Leave out the pictures and give back all the entries exactly as written.

▶ [Source information]
• • •
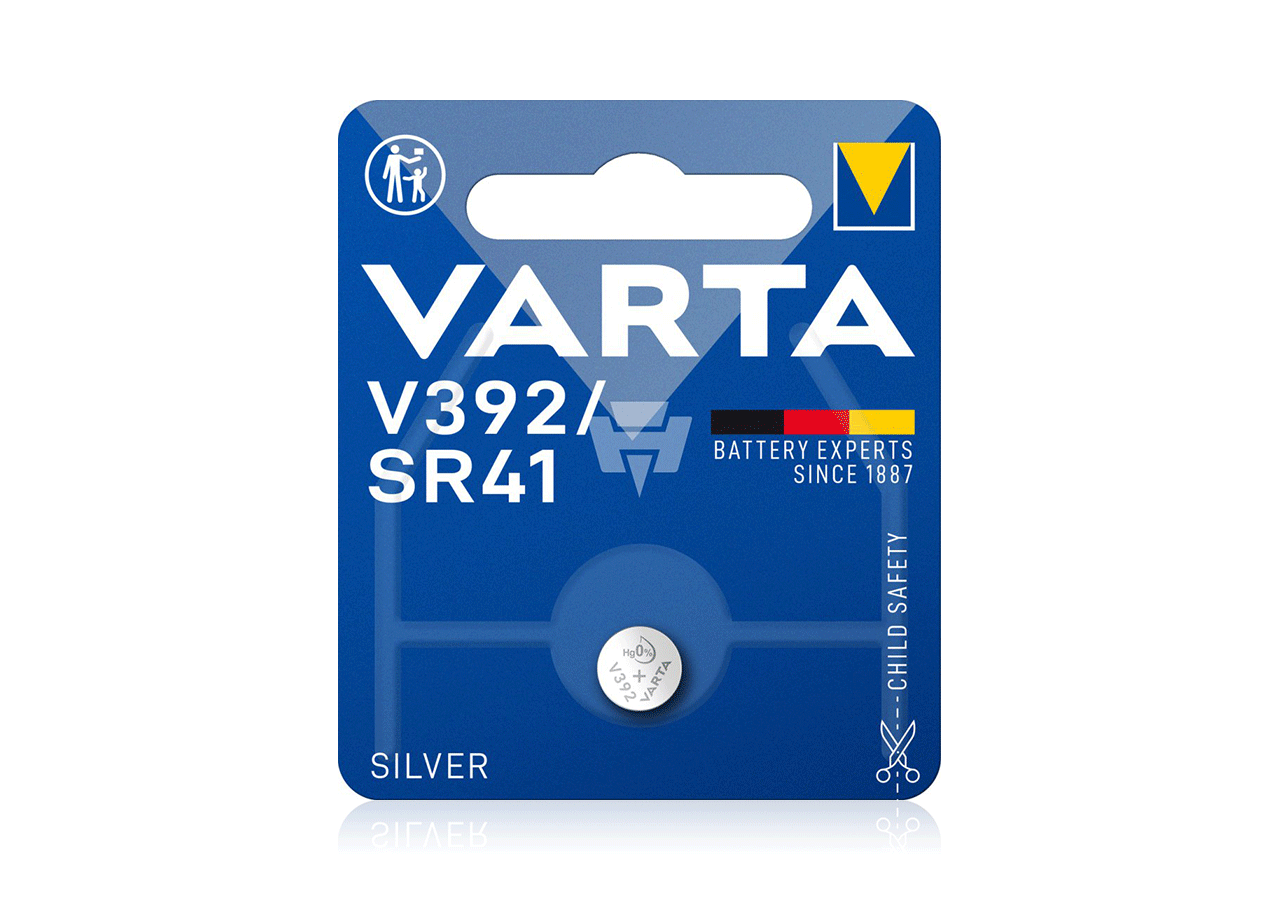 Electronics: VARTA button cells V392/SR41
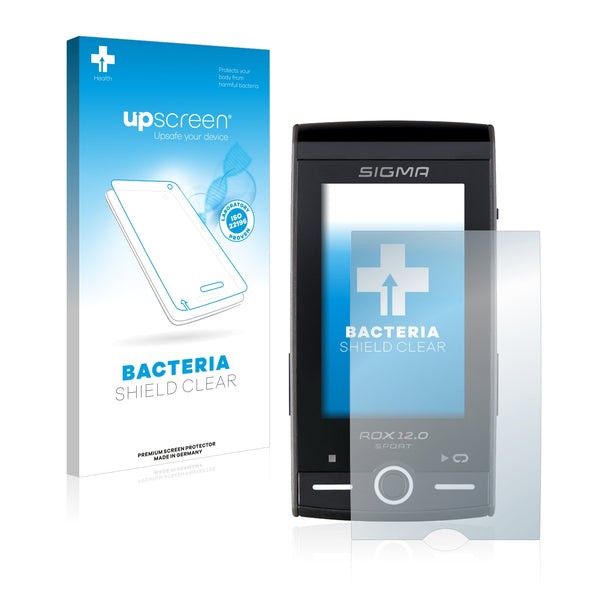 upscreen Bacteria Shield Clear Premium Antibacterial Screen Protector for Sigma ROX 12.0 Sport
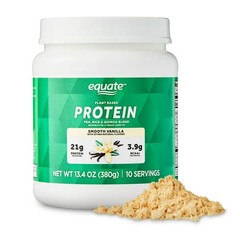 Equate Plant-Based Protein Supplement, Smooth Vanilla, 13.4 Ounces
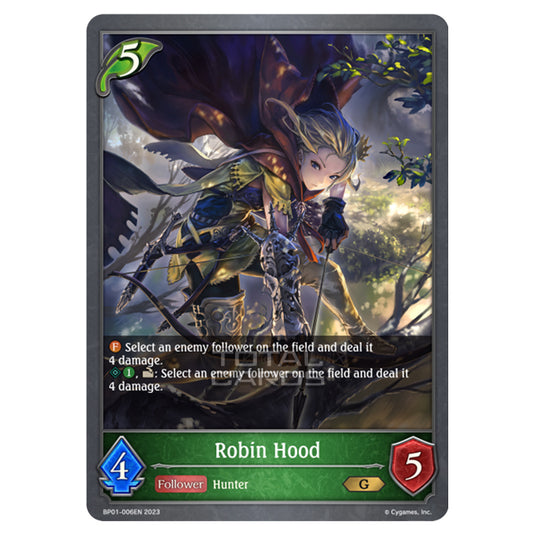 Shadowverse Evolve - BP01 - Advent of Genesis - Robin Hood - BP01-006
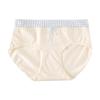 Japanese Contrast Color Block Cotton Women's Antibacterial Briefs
• • •
▶ [Response for this exercise]
 Electronics: VARTA button cells V392/SR41
 upscreen Bacteria Shield Clear Premium Antibacterial Screen Protector for Sigma ROX 12.0 Sport
 Equate Plant-Based Protein Supplement, Smooth Vanilla, 13.4 Ounces
 Shadowverse Evolve - BP01 - Advent of Genesis - Robin Hood - BP01-006
 Japanese Contrast Color Block Cotton Women's Antibacterial Briefs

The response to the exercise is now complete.